** PROVIDED ENTRIES follows **
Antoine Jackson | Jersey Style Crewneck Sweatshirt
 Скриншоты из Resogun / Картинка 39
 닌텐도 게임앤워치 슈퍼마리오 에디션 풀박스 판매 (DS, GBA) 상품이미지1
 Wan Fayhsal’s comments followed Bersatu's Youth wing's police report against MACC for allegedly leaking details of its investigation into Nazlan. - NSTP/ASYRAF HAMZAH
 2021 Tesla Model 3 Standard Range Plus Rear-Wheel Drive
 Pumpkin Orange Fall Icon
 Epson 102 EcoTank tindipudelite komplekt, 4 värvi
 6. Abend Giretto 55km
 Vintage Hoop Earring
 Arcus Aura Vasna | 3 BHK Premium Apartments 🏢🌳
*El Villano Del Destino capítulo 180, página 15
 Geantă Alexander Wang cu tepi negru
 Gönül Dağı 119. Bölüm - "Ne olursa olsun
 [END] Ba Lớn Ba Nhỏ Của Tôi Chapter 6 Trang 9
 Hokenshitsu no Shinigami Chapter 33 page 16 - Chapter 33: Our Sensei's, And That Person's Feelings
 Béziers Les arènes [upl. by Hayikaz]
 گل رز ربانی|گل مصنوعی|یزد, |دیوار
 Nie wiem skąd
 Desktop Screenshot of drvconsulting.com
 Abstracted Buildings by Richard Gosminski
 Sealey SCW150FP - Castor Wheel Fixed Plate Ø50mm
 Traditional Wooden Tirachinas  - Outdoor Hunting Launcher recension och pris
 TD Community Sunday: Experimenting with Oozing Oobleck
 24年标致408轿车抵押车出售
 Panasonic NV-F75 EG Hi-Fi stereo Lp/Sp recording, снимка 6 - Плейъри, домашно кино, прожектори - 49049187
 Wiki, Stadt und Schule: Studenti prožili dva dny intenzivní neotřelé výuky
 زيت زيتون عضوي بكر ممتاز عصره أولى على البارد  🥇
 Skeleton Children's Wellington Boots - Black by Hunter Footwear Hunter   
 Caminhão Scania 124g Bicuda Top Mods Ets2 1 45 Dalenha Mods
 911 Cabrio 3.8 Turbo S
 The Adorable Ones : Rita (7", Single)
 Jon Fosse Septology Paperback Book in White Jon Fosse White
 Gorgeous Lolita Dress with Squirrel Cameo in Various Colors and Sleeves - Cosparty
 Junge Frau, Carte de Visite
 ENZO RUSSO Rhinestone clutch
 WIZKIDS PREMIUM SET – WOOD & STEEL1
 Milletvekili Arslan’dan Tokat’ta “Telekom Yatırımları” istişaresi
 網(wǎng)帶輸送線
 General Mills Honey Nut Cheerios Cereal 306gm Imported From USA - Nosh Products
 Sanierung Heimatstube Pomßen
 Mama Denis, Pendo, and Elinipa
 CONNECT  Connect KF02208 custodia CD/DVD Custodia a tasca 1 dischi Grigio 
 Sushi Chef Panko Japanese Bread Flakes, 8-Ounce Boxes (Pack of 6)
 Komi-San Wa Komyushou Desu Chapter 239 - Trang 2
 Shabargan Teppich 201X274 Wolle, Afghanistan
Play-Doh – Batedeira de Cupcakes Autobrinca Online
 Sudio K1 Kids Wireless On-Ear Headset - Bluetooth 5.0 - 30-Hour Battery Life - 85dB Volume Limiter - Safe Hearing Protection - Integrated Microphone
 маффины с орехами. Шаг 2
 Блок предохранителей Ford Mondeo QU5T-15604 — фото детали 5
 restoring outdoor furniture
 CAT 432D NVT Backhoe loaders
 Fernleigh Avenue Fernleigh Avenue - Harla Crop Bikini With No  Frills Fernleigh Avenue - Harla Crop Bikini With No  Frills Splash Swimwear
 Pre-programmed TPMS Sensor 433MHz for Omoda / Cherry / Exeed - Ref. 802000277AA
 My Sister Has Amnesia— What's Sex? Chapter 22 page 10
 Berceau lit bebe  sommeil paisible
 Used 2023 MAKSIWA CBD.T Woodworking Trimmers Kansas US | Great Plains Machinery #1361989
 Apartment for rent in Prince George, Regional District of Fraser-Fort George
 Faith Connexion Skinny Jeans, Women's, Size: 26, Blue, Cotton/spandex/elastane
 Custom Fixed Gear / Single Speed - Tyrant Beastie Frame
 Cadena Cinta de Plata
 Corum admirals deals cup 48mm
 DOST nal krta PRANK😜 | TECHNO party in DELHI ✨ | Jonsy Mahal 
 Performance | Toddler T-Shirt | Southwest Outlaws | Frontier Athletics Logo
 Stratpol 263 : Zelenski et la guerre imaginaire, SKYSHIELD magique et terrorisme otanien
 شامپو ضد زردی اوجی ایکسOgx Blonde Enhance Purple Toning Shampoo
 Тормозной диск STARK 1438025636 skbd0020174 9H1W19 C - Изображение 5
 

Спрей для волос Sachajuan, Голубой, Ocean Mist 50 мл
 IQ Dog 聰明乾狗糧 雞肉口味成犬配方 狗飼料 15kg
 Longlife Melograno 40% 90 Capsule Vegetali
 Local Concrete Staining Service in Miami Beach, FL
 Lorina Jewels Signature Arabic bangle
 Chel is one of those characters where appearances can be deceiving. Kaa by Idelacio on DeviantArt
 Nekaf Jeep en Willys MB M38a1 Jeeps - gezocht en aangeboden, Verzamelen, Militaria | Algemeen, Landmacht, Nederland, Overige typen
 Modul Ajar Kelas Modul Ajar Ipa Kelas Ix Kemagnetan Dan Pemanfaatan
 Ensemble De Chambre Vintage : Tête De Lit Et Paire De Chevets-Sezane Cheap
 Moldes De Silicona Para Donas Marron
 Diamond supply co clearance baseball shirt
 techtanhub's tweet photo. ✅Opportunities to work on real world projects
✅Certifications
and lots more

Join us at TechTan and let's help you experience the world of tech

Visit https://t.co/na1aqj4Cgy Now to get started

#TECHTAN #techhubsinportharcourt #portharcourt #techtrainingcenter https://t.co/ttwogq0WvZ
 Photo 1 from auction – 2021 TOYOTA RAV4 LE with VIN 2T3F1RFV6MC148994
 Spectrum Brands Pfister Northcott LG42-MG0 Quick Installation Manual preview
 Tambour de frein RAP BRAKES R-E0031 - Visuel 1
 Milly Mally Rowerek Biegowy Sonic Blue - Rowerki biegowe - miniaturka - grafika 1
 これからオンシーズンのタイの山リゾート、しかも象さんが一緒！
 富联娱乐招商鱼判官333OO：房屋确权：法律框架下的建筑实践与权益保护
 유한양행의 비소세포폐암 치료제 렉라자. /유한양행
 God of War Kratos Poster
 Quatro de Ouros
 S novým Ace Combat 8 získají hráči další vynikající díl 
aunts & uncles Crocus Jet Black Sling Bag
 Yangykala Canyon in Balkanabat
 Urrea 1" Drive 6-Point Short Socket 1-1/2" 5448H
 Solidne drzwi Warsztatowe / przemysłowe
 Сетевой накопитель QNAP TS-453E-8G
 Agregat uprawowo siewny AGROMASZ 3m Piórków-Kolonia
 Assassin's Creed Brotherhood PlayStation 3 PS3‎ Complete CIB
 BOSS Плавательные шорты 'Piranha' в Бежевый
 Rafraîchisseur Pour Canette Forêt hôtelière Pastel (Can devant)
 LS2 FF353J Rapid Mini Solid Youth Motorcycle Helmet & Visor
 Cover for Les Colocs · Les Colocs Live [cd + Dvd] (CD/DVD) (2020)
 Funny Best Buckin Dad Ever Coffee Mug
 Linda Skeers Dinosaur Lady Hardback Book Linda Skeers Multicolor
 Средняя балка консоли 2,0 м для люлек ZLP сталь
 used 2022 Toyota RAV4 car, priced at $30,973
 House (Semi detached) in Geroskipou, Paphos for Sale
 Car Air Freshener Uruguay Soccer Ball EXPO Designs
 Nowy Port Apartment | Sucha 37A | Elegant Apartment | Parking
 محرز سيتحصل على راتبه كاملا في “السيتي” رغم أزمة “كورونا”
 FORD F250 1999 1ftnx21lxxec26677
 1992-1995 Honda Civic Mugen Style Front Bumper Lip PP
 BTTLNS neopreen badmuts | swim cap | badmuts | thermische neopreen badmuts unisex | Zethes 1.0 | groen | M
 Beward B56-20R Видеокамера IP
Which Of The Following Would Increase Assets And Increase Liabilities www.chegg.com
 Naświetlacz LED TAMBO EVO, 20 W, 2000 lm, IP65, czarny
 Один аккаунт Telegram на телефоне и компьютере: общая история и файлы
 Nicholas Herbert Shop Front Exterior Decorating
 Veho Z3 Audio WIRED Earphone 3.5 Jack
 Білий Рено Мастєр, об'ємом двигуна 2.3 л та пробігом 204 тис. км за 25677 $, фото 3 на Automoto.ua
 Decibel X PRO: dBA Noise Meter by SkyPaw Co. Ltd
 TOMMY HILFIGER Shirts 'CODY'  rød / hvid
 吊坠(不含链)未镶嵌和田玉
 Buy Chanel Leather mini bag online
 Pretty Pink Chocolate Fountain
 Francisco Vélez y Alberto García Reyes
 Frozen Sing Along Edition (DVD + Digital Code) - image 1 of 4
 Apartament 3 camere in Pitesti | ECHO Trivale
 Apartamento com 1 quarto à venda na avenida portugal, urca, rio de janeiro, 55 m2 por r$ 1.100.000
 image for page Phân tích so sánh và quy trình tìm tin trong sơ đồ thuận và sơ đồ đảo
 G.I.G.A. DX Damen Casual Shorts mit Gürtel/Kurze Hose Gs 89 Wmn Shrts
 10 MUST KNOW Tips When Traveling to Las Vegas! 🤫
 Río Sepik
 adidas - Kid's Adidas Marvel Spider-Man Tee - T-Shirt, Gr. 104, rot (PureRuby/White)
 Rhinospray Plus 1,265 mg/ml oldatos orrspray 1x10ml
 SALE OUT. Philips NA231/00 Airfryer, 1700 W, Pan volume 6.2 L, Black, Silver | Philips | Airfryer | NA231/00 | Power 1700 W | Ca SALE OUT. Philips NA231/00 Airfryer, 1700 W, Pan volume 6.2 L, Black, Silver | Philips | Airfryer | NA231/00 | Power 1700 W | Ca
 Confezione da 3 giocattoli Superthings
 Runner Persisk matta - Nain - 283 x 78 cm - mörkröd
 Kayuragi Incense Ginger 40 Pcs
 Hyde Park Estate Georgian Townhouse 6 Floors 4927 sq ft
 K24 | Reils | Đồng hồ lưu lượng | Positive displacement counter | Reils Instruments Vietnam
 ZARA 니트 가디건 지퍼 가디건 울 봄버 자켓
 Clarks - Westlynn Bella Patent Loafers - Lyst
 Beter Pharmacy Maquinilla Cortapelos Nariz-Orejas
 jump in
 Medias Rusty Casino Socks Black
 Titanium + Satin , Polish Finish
** End of PROVIDED ENTRIES **
▶ [EXERCISE DIRECTIONS]
For the word "Wheel", report how many lines of the records contain it; respond with the number only.

▶ [TASK RESULT]
2